Aging investors recognize there may come a time when they will need to tap into accumulated savings rather than relying solely on work income. Yet older Americans talk about becoming “unemployable” instead of retirement.
“Pre- and post-retirees ages 53 to 75 don’t see themselves as ‘senior citizens,’ a term they perceive as referring to sedentary or really old people” said Chris Brown, Hearts & Wallets principal. “Even though they may technically be eligible for ‘senior discounts,’ they prefer language with positive associations to describe this time in their life. They get to do what they want and have more freedom. Financial services firms and advisers that use positive wording associated with freedom will have a stronger connection with this market segment.”
Three Major Types of Older Investors
Not all aging Americans are alike in how they want to balance work and leisure. The latest Hearts & Wallets Explore study, “Shining a Light on Pre- and Post-Retirees: What 3 Different Retirement Lifestyles Reveal about Language, Attitudes and Experiences with Advice and Retirement Income,” is drawn from nationwide focus groups that divided older investors into three main groups according to preference:
1) Full Steam Aheads—Plan to work at least part-time, to avoid mental deterioration and keep their options open.
2) Balancers—View part-time work as an insurance policy for the future and a way to earnspending money.
3) Leisure Pacers—Plan to stop working (or already have), but are more involved with their finances now than ever before.
“It’s critical that financial services firms know their audience,” said Laura Varas, Hearts & Wallets principal. “Not all pre- and post-retirees have the same goals. Flexibility in messaging, financial plans and retirement income calculators are important to attract these investors.”
The study found that there is a big risk to using inappropriate language. “The term ‘retirement income’ means three wildly different things to different types of older investors,” Varas said.
“Many firms think of ‘retirement income planning’ as a service that helps older Americans plan how to take income from their personal assets. But using one lifestyle segment as an example, Full Steam Aheads often think the term ‘retirement income’ refers to ‘entitlements,’ like pensions or Social Security. Since they tend to take responsibility for themselves and others, they don’t even think ‘retirement income’ applies to them. This misunderstanding is a tragedy, because many of these offerings are specifically designed to help people like them.”
The Myth of Asset Consolidation
Two factors signal trouble for financial service firms counting on retiree asset consolidation as prime new business opportunity. Many older investors established relationships with financial advisers when they were in their 40s. They also express a reluctance to consolidate assets with one firm. Only a minority of older investors will consolidate with a single provider.
“Retirement income services may help providers increase wallet share,” Brown said. “But they need to be careful about asking for everything. And they need to understand trust drivers and eroders.”
Investors have had bad experiences with advisers who put their own interests ahead of the client’s.

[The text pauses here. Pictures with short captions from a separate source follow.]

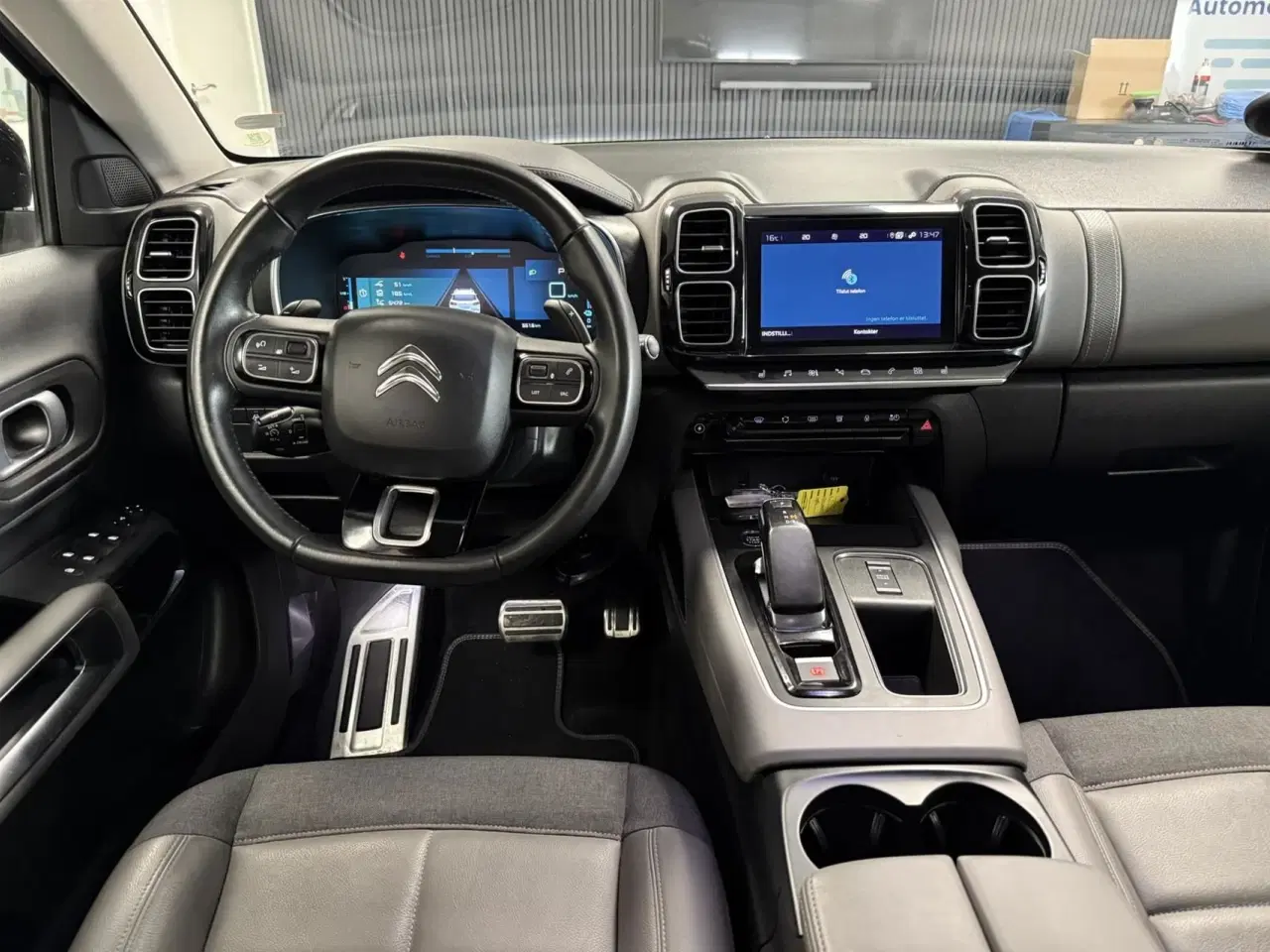 Billede 19 - Citroën C5 Aircross 1,6 Plugin-hybrid Shine Sport EAT8 225HK 5d 8g Aut.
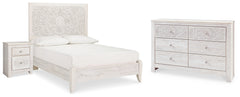 Best Deals Furniture - Ashley Furniture - Paxberry Full Panel Bed, Dresser and Nightstand - Full Panel Bed, Dresser and Nightstand - B181B23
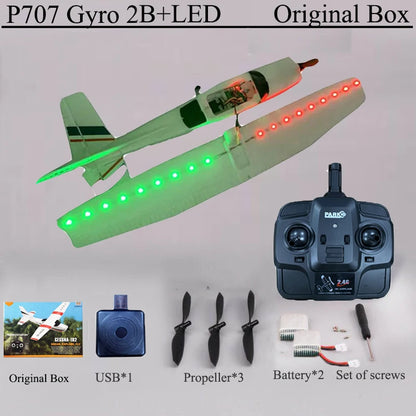 Park10 RC P707G 2.4G 3D/6G With Gyroscope 3Ch RC Airplane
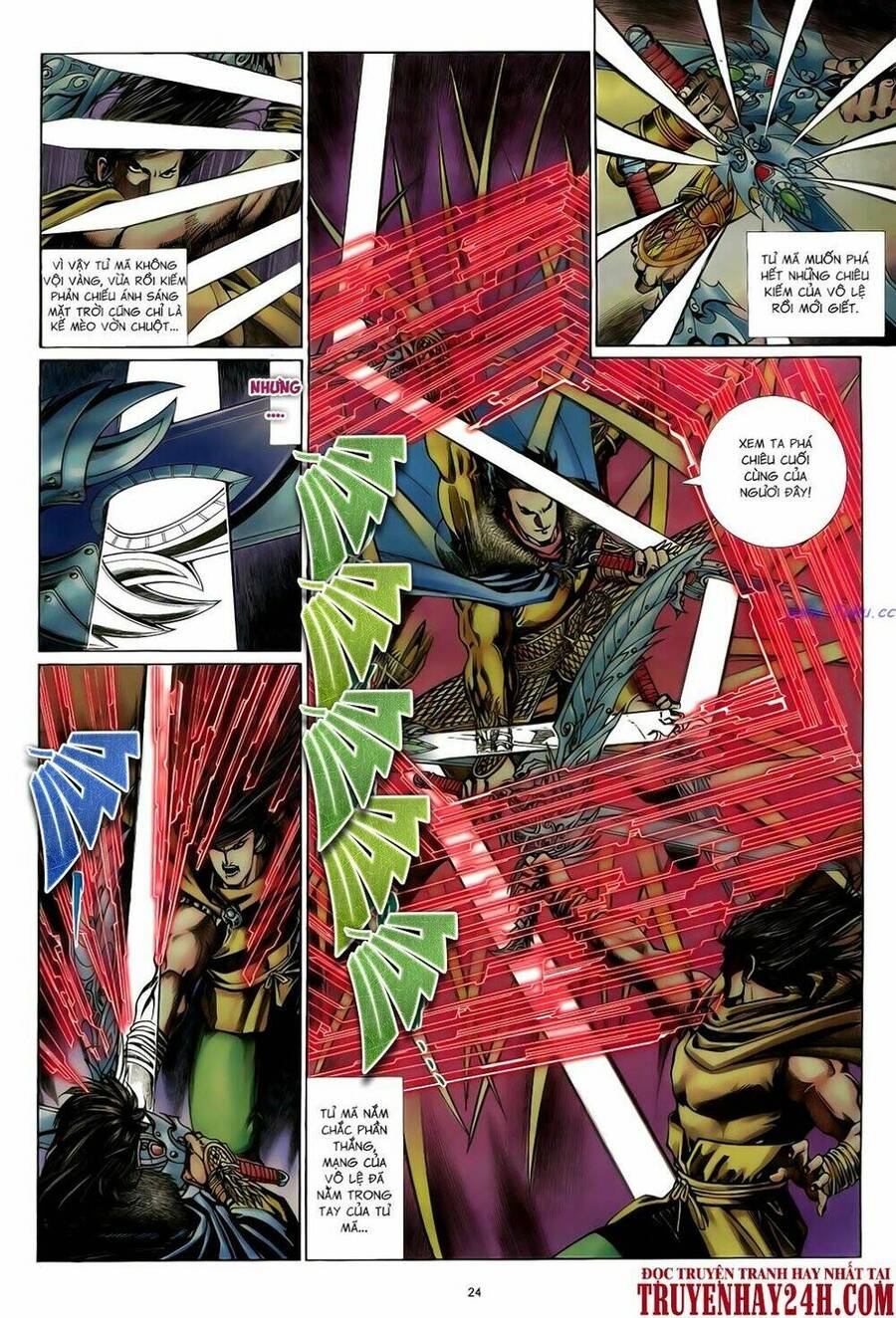 anh hùng vô lệ chapter 56 26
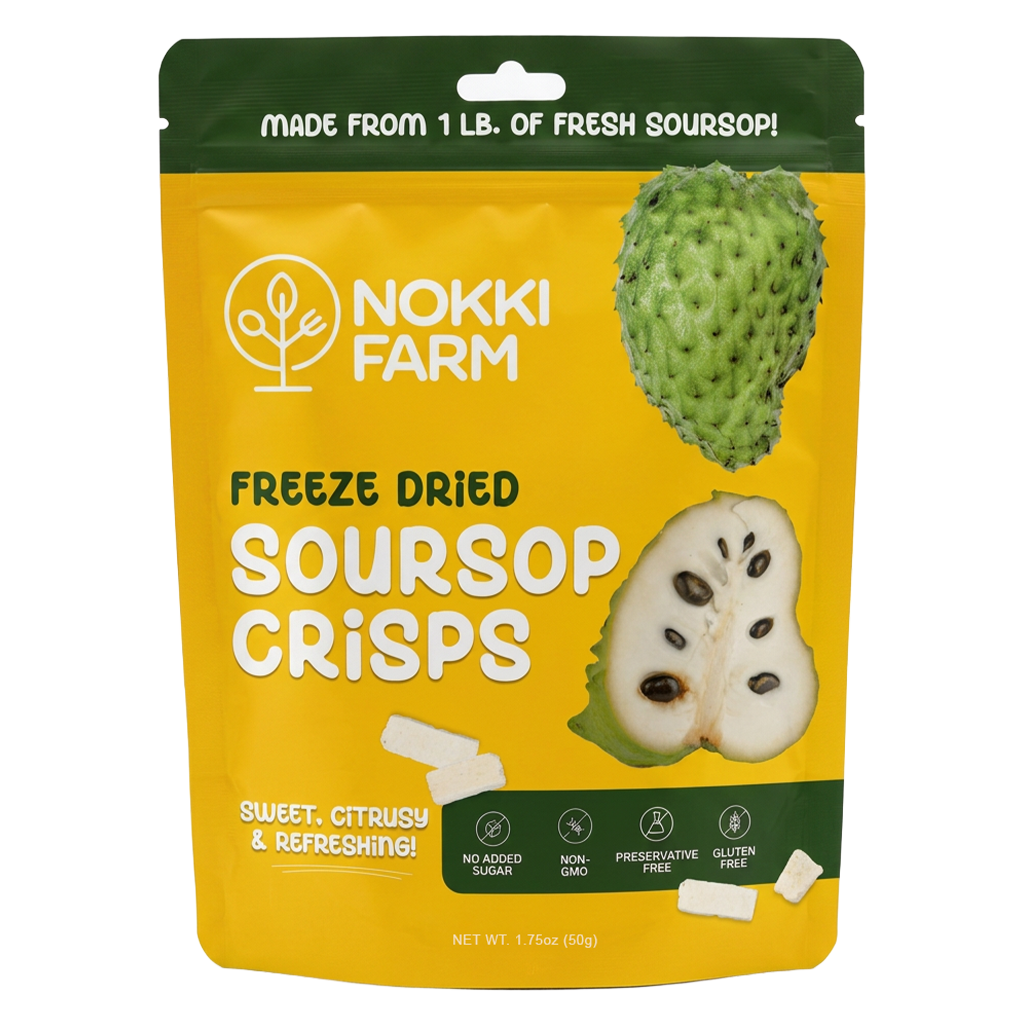 Freeze-Dried Soursop/Guanabana/Graviola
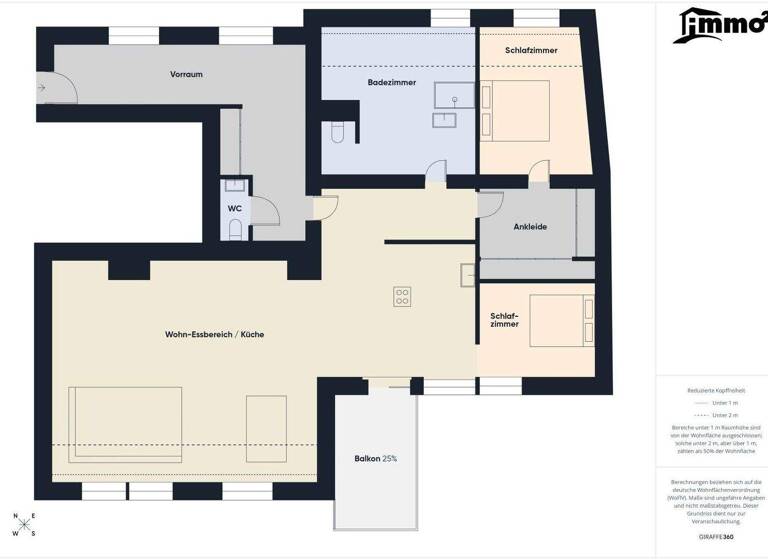 Penthouse zur Miete 2.700 € 3,5 Zimmer 170 m² 3. Geschoss Spitalgasse 13b St. Veit an der Glan 9300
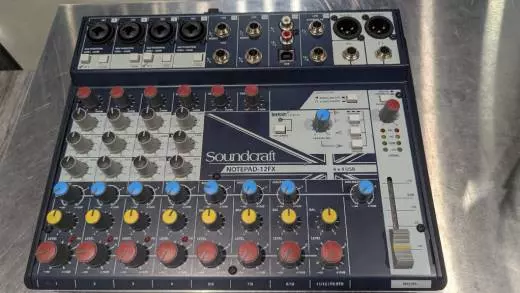 Soundcraft - NOTEPAD-12FX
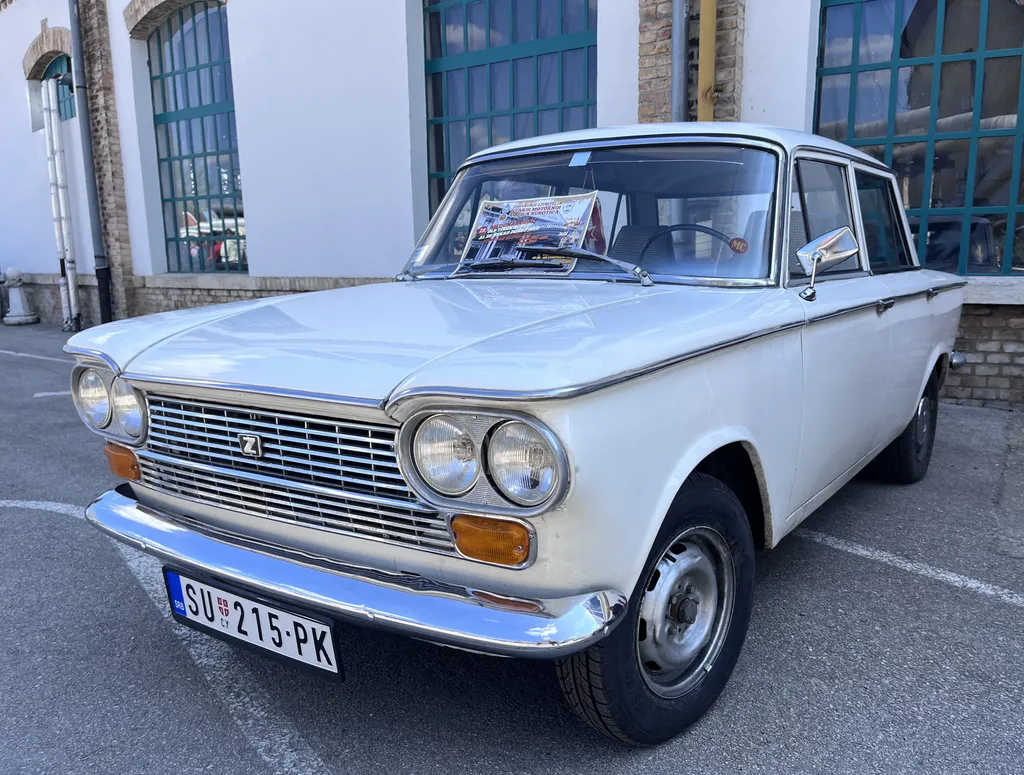 Az egykor Jugoszláviában gyártott Zastava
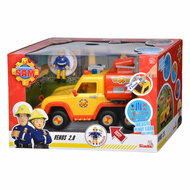 Brandweerman Sam Brandweerauto Venus 2.0 met Figuur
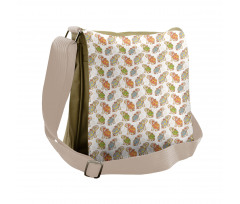 Oriental Mammals Retro Messenger Bag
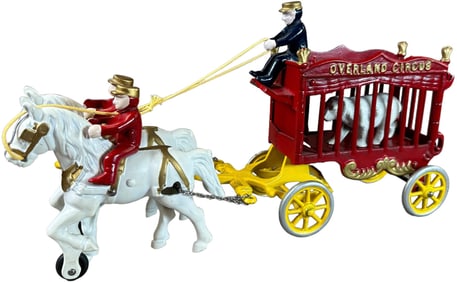 KENTON OVERLAND CIRCUS CAGE WAGON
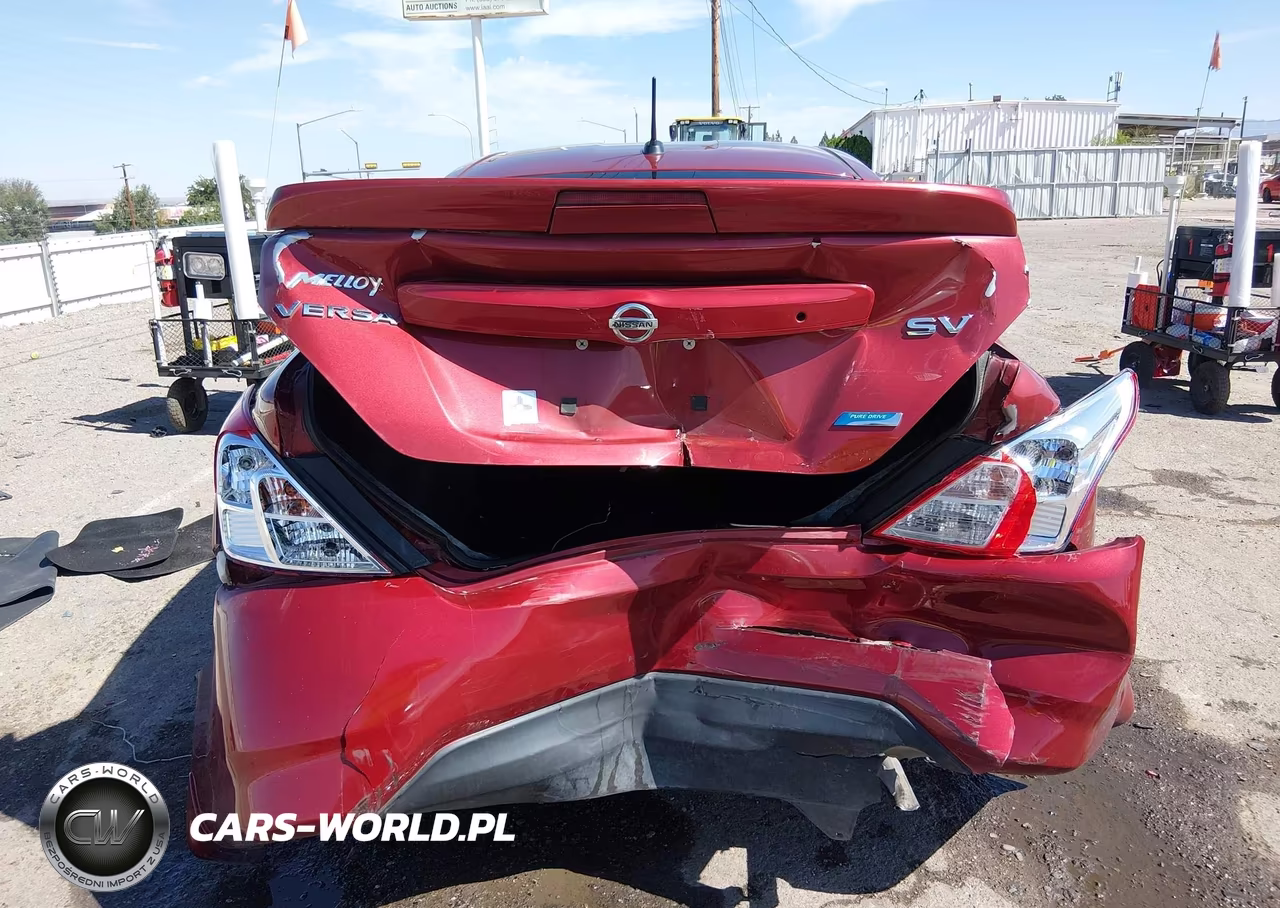 2016 Nissan Versa 1.6 Sv VIN:3N1CN7AP1GL824947 - 16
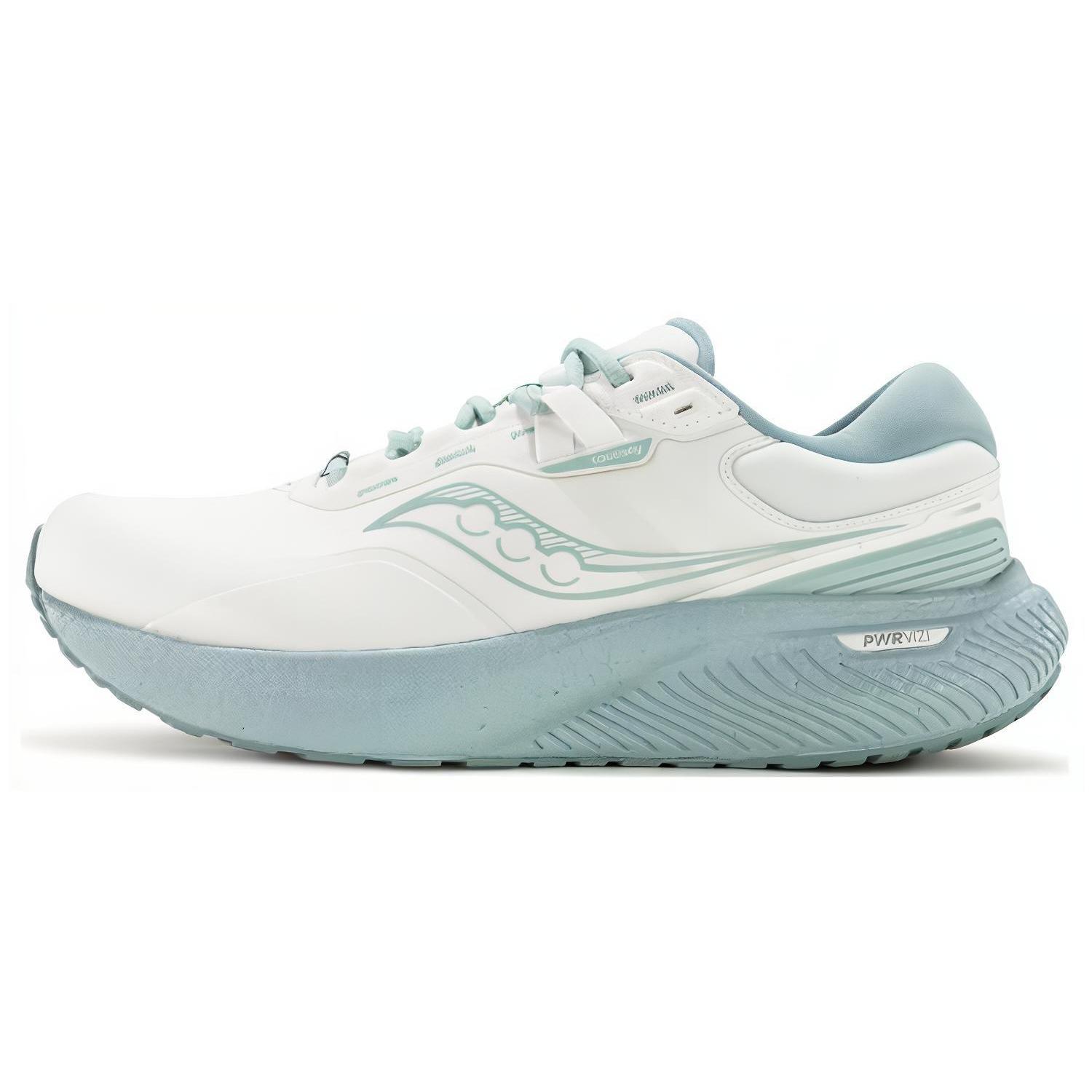 

Saucony Surge 1 Cushioning Slip Resistant Low top Running Shoes Unisex White Blue S28182-3 35.5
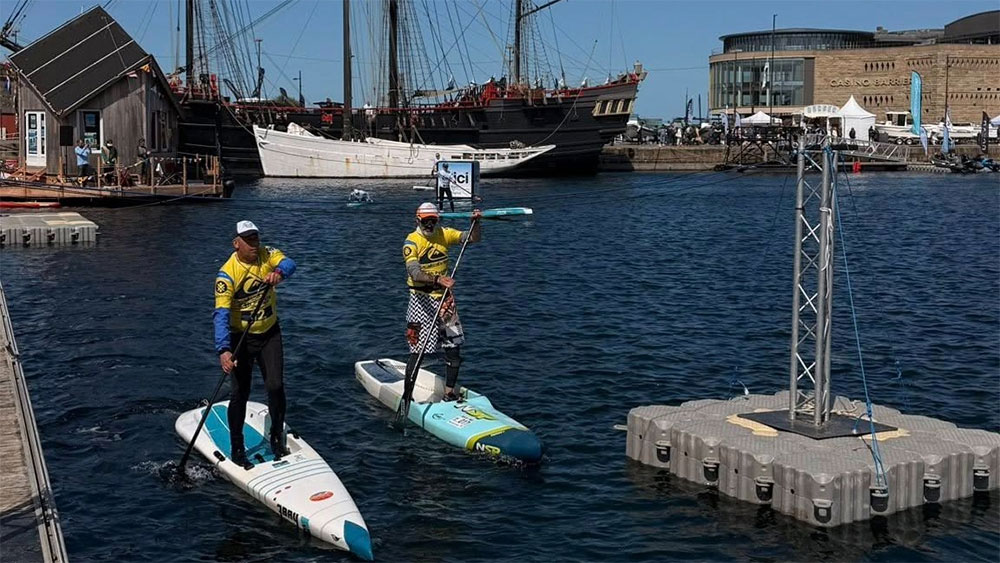 Un défi humain exceptionnel pour les 24h Paddle Roxy Quiksilver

Some still work with an adviser but put in extra hours checking up on adviser recommendations.
A few key trust drivers include an adviser who takes the time to get to know the client, and offers reasonable and clear fees. One of the key trust eroders is staff or adviser turnover. The study also details how investors connect with financial services providers and advisers. Many investors met their provider or adviser through a workplace retirement plan.
Receptivity to retirement calculators is mixed. Many like the ability to try on different decisions before actually having to make them. Others see them as rigged, prompting the investor to put more money into funds than is necessary.
Investor Receptivity to Three Retirement Income Concepts
The study also examined techniques older Americans are using to generate retirement income today, their likes and dislikes, and language that might support optimal income solutions.
The study explored how older Americans are currently executing three popular techniques: establishing a guaranteed “Income Floor,” breaking up assets into “Time-based Buckets” that can be used in different periods of life, and “Sustained Withdrawal,” or seeking to take income from an overall diversified portfolio. The different types of older investors provided detailed responses to these concepts as well as a trust-services concept. Interestingly, there were some signs of thawing attitudes to annuities, which can fulfill an important, attractive economic function of providing steady income and pooling longevity risk. Unfortunately, consumer misfortune with poor business practices, such as over-engineering or excessive fees and sales commissions, means resistance runs deep. On the other hand, the “403b” is perceived as positive, and the term “income annuities” does not hold the same negative connotations as “annuities.”